Friday, February 24, 2012

Death Angel - Killing Season (2008)

I think it's a good thing that I've experienced Death Angel's latest album, Relentless Retribution before revisiting their post reunion backlog, because at least that album gives me some hope that the Californians might once again reach the memorable standards that they set so early on. Even if their modern sound is quite different than The Ultra-Violence, I'll be happy as long as the songs conjure up some genuine excitement and impressive riffing. Like The Art of Dying before it, their 2008 effort Killing Season was yet another effort to which I could only extend a lukewarm reaction, a modern and turgid brand of thrash/groove metal which, if not for a few of Mark Osegueda's vocal lines and the logo on the album cover, I might have mistaken for an entirely different band...

While Killing Season felt more angry and consistent than their long anticipated 4th 'comeback' album, it generated a whole set of problems all its own. Or, if not 'problems', reasons that it failed to hit the bar raised by their 80s albums. Instead of that filthy speed metal momentum that once coursed through their compositions, this is largely a groove based album, with a lot of riffing that reminds one of Pantera, or Machine Head, or other 90s stewards of tough guy slugfest metal that evolved straight from the thrash of the previous decade. The guitars focus heavily on thick palm muting and rock grooves, often like a less stoner post-Blind Corrosion of Conformity. There are a decent share of Bay Area chugging sequences that recall Exodus or Metallica, as in the track "Dethroned", but I found the slower grooves far less despotic and threatening than, say "Voracious Souls", and the faster, driving note progressions to leave much to be desired. But probably the most obvious comparison here would be to the 'modern' Anthrax sound circa The Greater of Two Evils or We've Come for You All. When Mark's spitting out those mid-ranged lines, he has a lot of bite to his voice sort of like a more acidic John Bush, and the pummeling breadth of the guitar tone is not unlike Ian and Caggiano.

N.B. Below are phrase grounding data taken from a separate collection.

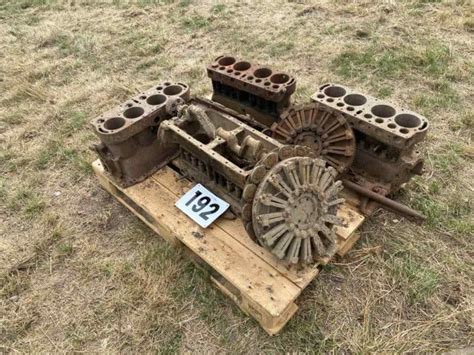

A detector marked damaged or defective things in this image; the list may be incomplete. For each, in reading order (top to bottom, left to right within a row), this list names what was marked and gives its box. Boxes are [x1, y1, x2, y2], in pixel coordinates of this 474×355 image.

rusty engine block [90, 55, 430, 266] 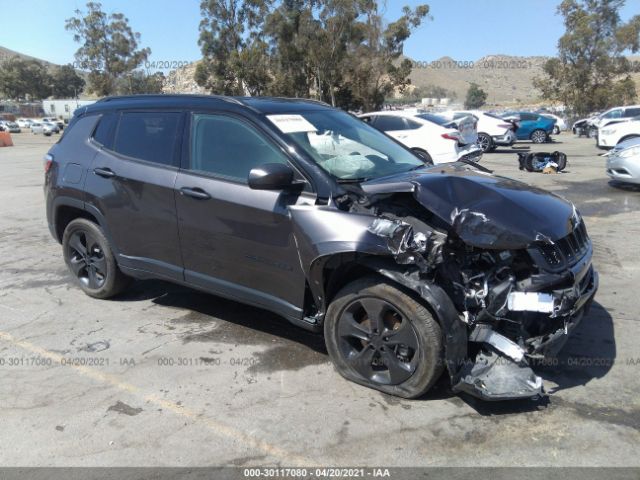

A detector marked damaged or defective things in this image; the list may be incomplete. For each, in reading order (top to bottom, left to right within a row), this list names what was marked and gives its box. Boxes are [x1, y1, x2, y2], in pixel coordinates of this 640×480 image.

damaged jeep compass [46, 94, 600, 402]
crumpled hood [362, 164, 576, 249] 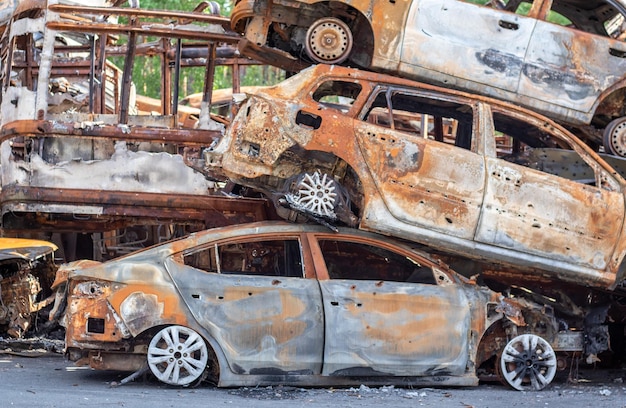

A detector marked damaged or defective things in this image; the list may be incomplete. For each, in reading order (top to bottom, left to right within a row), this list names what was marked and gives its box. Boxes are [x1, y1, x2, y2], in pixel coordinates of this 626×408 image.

rusty car body [229, 0, 626, 155]
rusted metal surface [232, 0, 624, 155]
burned car [232, 0, 624, 156]
burnt sedan [232, 0, 624, 156]
burnt car hood [0, 239, 56, 262]
rusty car body [0, 236, 56, 338]
rusted metal surface [0, 237, 57, 336]
burned car [0, 236, 57, 338]
charred metal panel [163, 258, 322, 376]
burnt sedan [51, 223, 564, 392]
rusted metal surface [51, 222, 572, 388]
rusty car body [51, 222, 576, 390]
burned car [53, 222, 576, 390]
charred metal panel [320, 278, 470, 378]
rusty car body [204, 64, 626, 294]
rusted metal surface [205, 64, 626, 290]
burned car [205, 63, 626, 294]
burnt sedan [206, 63, 626, 292]
charred metal panel [356, 122, 482, 241] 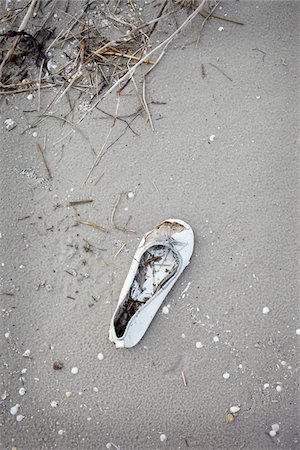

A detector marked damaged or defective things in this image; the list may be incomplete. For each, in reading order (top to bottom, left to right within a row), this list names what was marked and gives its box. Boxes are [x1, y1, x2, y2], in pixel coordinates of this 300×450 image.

torn shoe lining [113, 246, 179, 338] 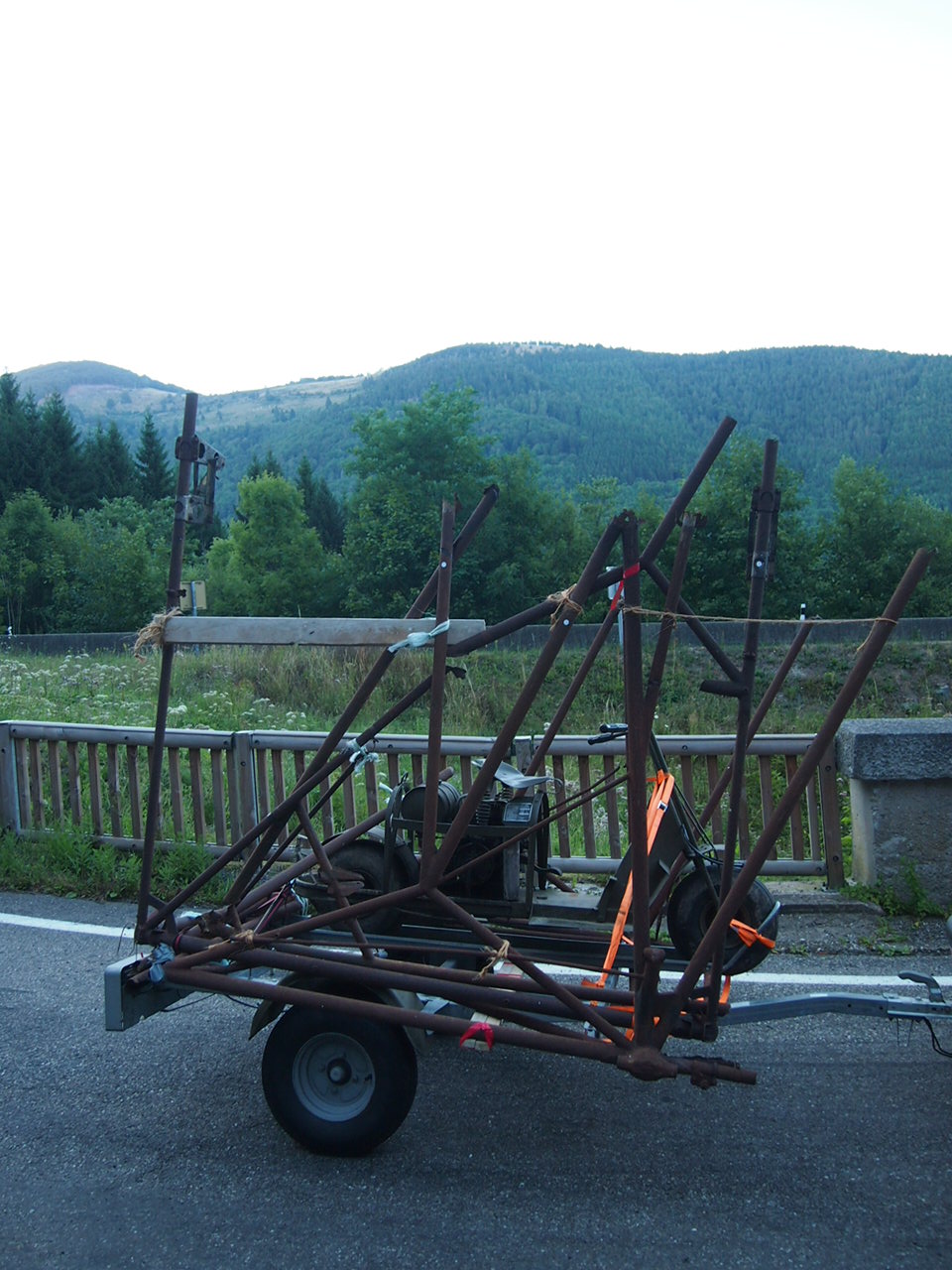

Not really my thing, not at all. However, like The Art of Dying, I would be remiss to not admit that an obvious effort was placed in the songwriting here. Unlike that album, where you might hear Death Angel fly off the handle and bust out some grunge inflected track, most of the contents of Killing Season follow a logical, fluid architecture that seems like the band had more of a commitment to its style. They come out fighting in "Lord of Hate" and never really let up as they hammer out material like "Sonic Beatdown" or "The Noose". There's a bit of an emotional side conjured through the acoustic guitars or Osegueda's carefully constructed chorus lines. The lead work, melodies and effects that Cavestany and Aguilar dispense here are generally quite creative, like the octave chords carving out "Lord of Hate" or the funky filtering that introduces "The Noose" or "God vs. God", but I felt like the rhythm guitar riffing left a lot to be desire. Whether I'm hearing the pedestrian if somewhat intense chugging of "Sonic Beatdown" or the voluptuous rock curves of the "Steal the Crown" chorus, it never seems to stick with me.

If an album like this had come out around 1993-1994 when A Vulgar Display of Power was in massive rotation, I think it would have done quite well and felt pretty fresh, a more aggressive successor to Act III. But not something with the killer chorus hooks and attitude that would endure down through the decades after that. As it stands, Killing Season suffers from a lot of that same, banal writing that the recent Onslaught reunion or Rob Dukes fronted Exodus records seem to phone in. The production is dense and potent, and in particular I think they did a decent job arranging the vocals here and ensuring that something interesting was going on with the guitars even when the bottom end riffing was tepid and predictable. But the underwhelming groove influences, and the lame, 'you go girl' affirmation lyrics in songs like "Sonic Beatdown" and "Steal the Crown" drag it down considerably, and I wouldn't be caught dead singing any of this in the shower, where I might once have lathered up while howling "KILL...AS ONE!" I'd rank this a fraction higher than The Art of Dying, but nothing special.